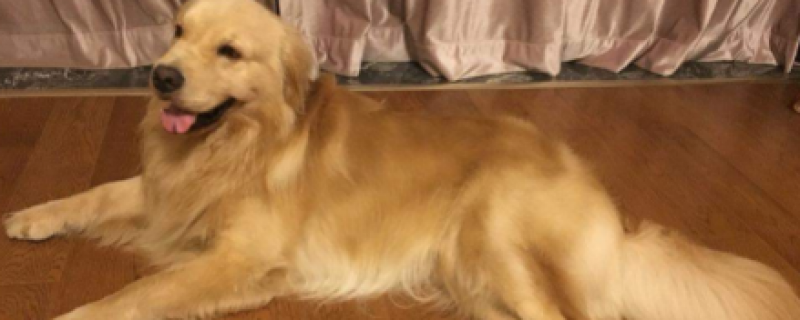 What kind of medicine should I buy to get rid of fleas on the golden retriever?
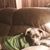 Nelly Canales's profile image
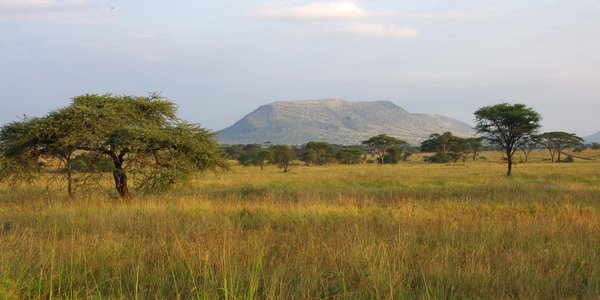 parc du Serengeti en Tanzanie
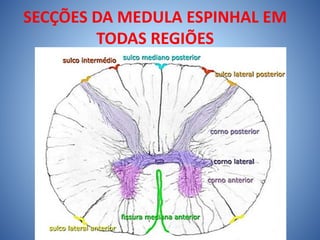 SECÇÕES DA MEDULA ESPINHAL EM
TODAS REGIÕES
----
EXERCISE DESCRIPTION:
Would you please print the entries once more, word for word, minus the pictures?

TASK SOLUTION:
 What kind of medicine should I buy to get rid of fleas on the golden retriever?
 Nelly Canales's profile image
 parc du Serengeti en Tanzanie
 SECÇÕES DA MEDULA ESPINHAL EM
TODAS REGIÕES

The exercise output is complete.